Westlake asegura que en sus libros las cuestiones políticas y sociales son siempre secundarias, que para él lo primero es contar una buena historia. Y lo consigue, sin duda, pero en su narrativa aflora siempre la soledad del individuo ante el poder legal o ilegal, la equiparación de las instituciones policiales con la mafia y el sentido de supervivencia en una sociedad caótica. Westlake dice que sus personajes son «people in the corner», gente marginal, como Dortmunder. Un diamante al rojo vivo fue llevada al cine, en 1972, por Peter Yates, con Robert Redford, en el papel de Dortmunder, y George Segal, en el de Kelp. Otra historia excelente de este ladrón poco afortunado es ¿Por qué yo? (Etiqueta Negra, Júcar, 1986). En este caso, roba sin saberlo el mayor rubí del mundo. Es una caricatura cruel de la policía de Nueva York y, en especial, del FBI.
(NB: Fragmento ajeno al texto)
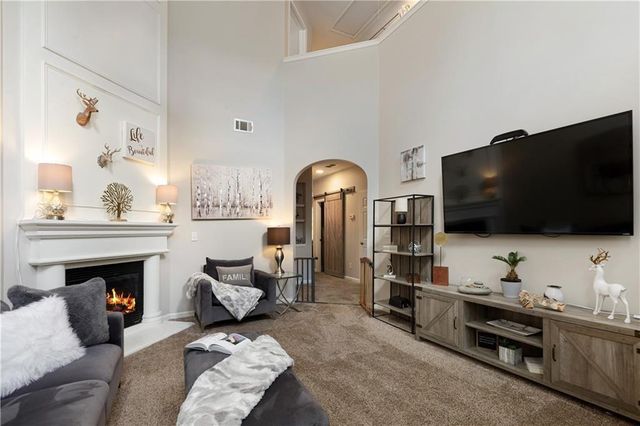 475 Grayson Way, Alpharetta, GA 30004
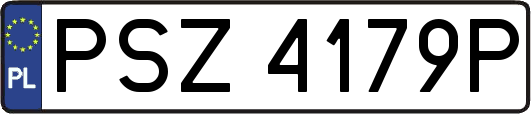 PSZ4179P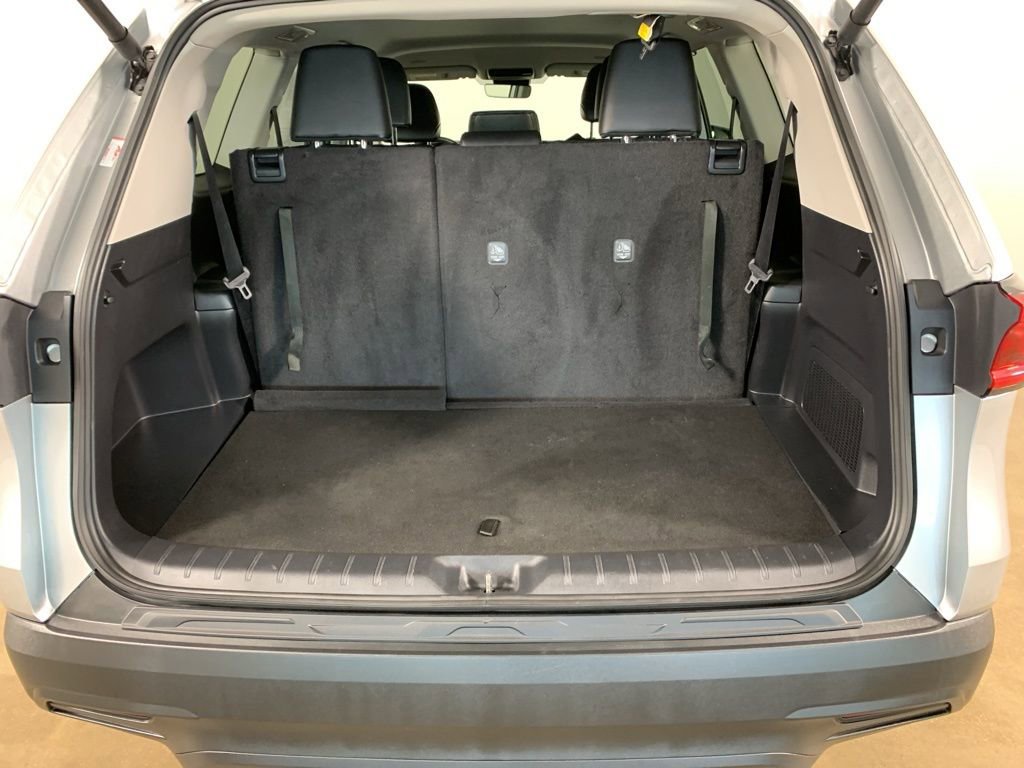 Used 2024 Toyota Grand Highlander AWD Hybrid image 15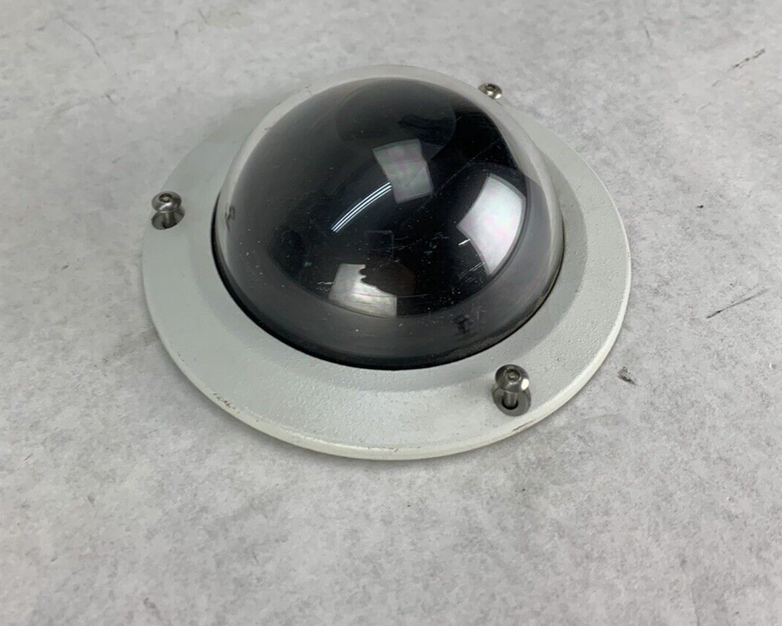 Parts or Repair Crest Security Camera Dome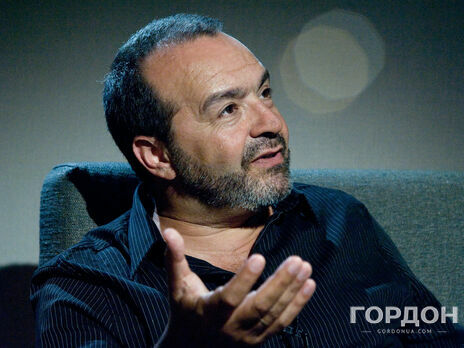 Шендерович про Путіна: Ми бачимо, як злодюга стає кровопивцею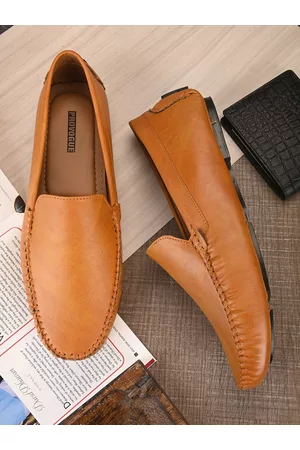 Provogue Men Lightweight Loafers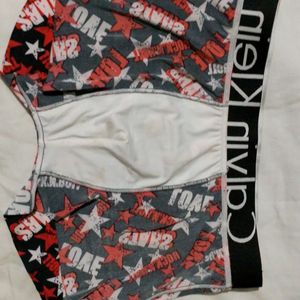 Calvin Klein Boxer Brief For Man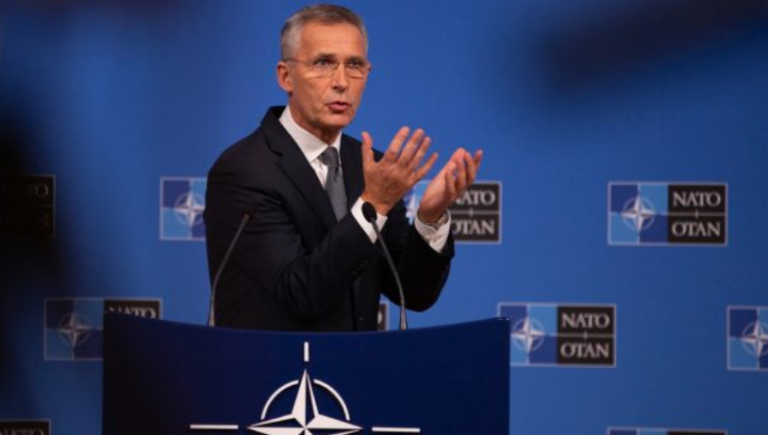 Stoltenberg ngre alarmin: Faktorë të huaj po punojnë për të minuar progresin në Kosovë dhe Bosnje e Hercegovinë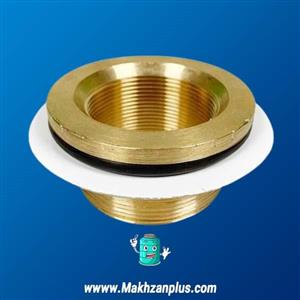 فیتینگ 2 اینچ با نصب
Tiene otros personajes tan estupendos como, por ejemplo, Art Dodge, de Two Much (1975), traducida en España como Un gemelo singular (Etiqueta Negra, Júcar, 1987). Art se inventa un hermano gemelo cuando conoce a unas riquísimas gemelas. Su objetivo es quedarse con la pasta de ambas. Fernando Trueba hizo la versión cinematográfica con Antonio Banderas como protagonista. Otro tipo fascinante es el escritor frustrado de Adiós Sherezade (Etiqueta Negra, Júcar, 1987) que trabaja como negro de novelas pornográficas y acaba confundiendo la ficción con la realidad, con el consiguiente embrollo. Es una novela sin crimen, pero muy negra. Y hay muchos más, Westlake es imaginación pura. Pero pese a todo su humor negro, a veces delirante, otras truculento y siempre impactante, es pesimista sobre su época. Quizá por eso hace una apasionante defensa del individuo y de su derecho a vivir como quiera.

ROSA MORA

FASE UNO

1

Dortmunder se sonó la nariz y dijo:

– Capitán, usted no sabe cuánto aprecio la atención personal que me ha demostrado.

Ya no sabía qué hacer con el pañuelo de papel, así que lo convirtió en una bolita y lo conservó en el puño.

El capitán Oates le dirigió una breve sonrisa, se puso en pie detrás de su escritorio, dio media vuelta hasta donde estaba Dortmunder y le palmeó el brazo, diciendo:

– Poder ayudar a alguien es una gran satisfacción, la mayor.

El tipo era un funcionario moderno, educado en la universidad, atlético, enérgico, reformista, idealista, sociable. Dortmunder lo odiaba.

El capitán añadió:

– Le acompaño hasta la puerta, Dortmunder.

– No, por favor, capitán -contestó Dortmunder. Sentía el pañuelo, frío y pegajoso, adherido a la palma.

– Para mí será un placer -dijo el capitán-. Verle cruzar esa puerta y saber que nunca más cometerá un delito, que nunca más estará de nuevo entre estas paredes, y saber que una parte de su rehabilitación se debe a mí. No puede imaginar el placer que esto me proporciona.

Dortmunder no sentía placer alguno. Había vendido su celda por trescientos dólares (barato, dado que contaba con agua caliente y un túnel directo hasta la enfermería) y se suponía que le entregarían el dinero en cuanto estuviera fuera. No podía cobrarlo antes porque podían quitárselo en el control final. ¿Pero cómo podrían entregárselo con el capitán pegado a sus talones?

Gastó desesperadamente su último cartucho y dijo:

– Capitán, ha sido en esta oficina donde siempre le he visto a usted, donde he escuchado su…

– Vamos, vamos, Dortmunder -interrumpió el capitán-, podemos hablar de camino a la puerta.

Así fue como se dirigieron hacia la salida, juntos. En el último tramo del amplio patio, Dortmunder vio a Creasey, el encargado de entregarle los trescientos dólares, dirigiéndose hacia ellos, pero se paró de repente. Creasey hizo un discreto gesto que quería decir: «No se ha podido hacer nada».